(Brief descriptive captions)
----
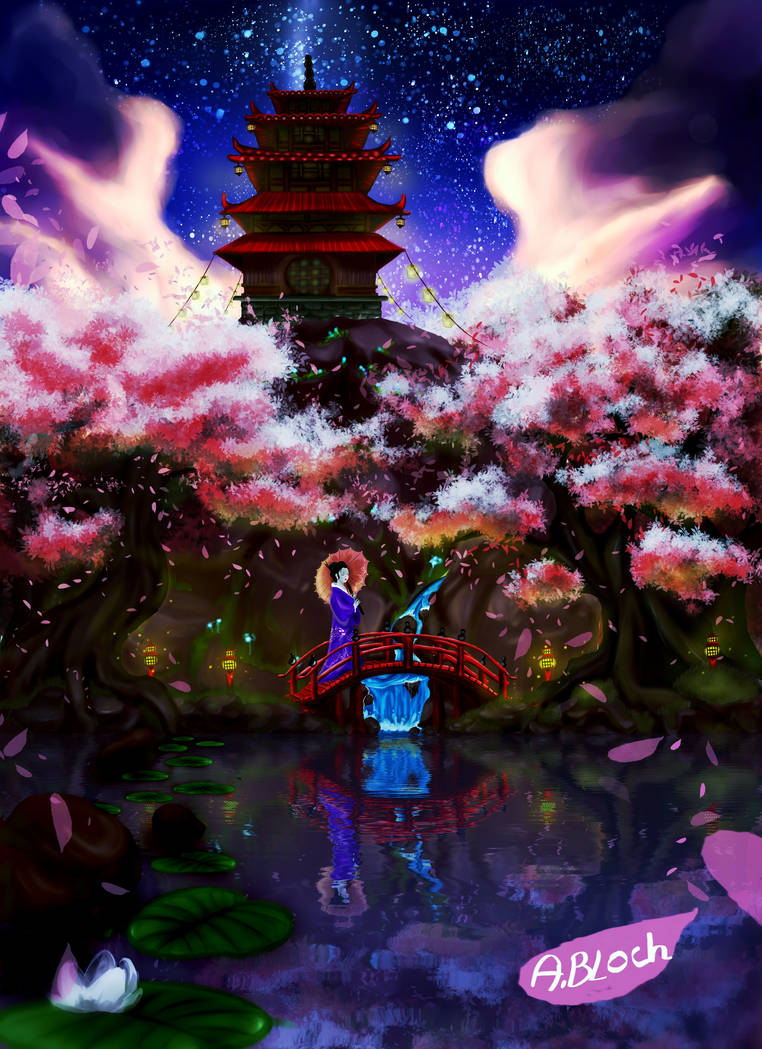 Japan Spring Night Japanese spring night~2 by Ren-U on DeviantArt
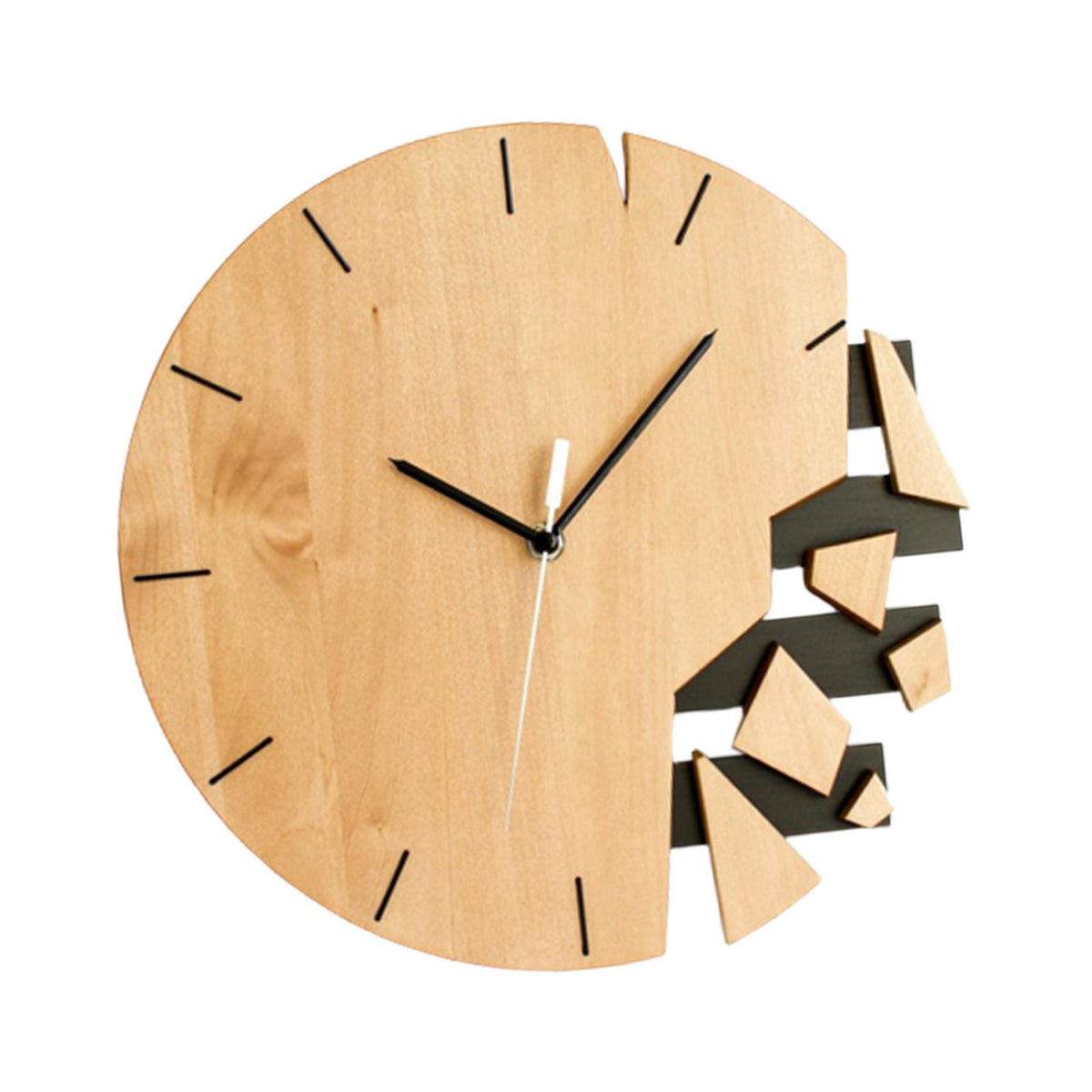 Maxbell Maxbell Round Hanging Clocks Shelf Modern Abstract Art Wall Clock Wooden Wall Clocks Light Yellow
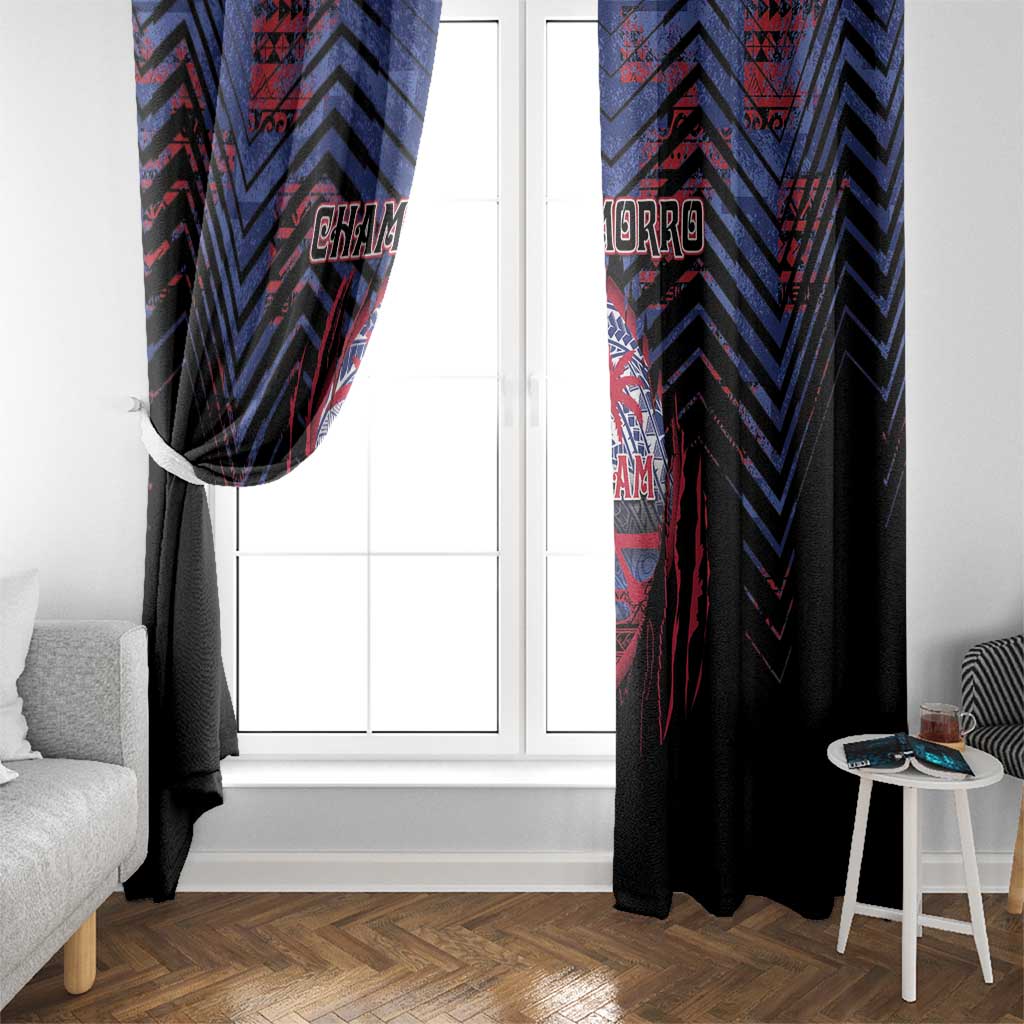 Guam Window Curtain Chamorro Seal Tribal Scratch Design - Polynesian Pride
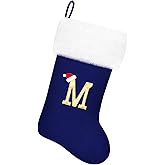 Tokforty 20 Inches Blue Velvet with White Super Soft Plush Cuff Monogram Christmas Stockings, Xmas Personalized Embroidered Letter Stockings for Family Holiday Decorations and Xmas Tree Fireplace(M)
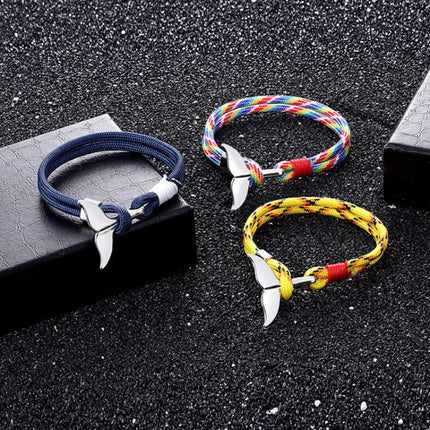 Whale Tail Anchor Charm Nautical Survival Rope Chain Bracelets, Colorful, Blue, Dark blue, Black, Black red, Red, Black blue, Yellow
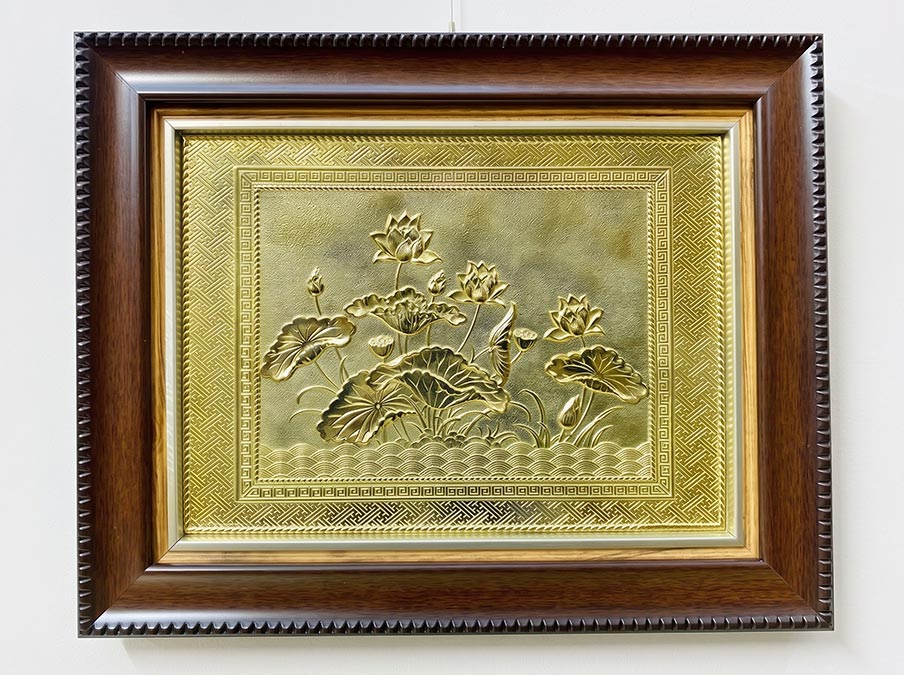 Tranh Hoa Sen bằng đồng khổ ngang 28cm x 34cm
----
◆ Work instructions
Exact repetition is the task: every line from the start of the data to the line with "Guam Window Curtain", inclusive, and none after it, pictures omitted.

◆ Answer
 Japan Spring Night Japanese spring night~2 by Ren-U on DeviantArt
 Maxbell Maxbell Round Hanging Clocks Shelf Modern Abstract Art Wall Clock Wooden Wall Clocks Light Yellow
 Guam Window Curtain Chamorro Seal Tribal Scratch Design - Polynesian Pride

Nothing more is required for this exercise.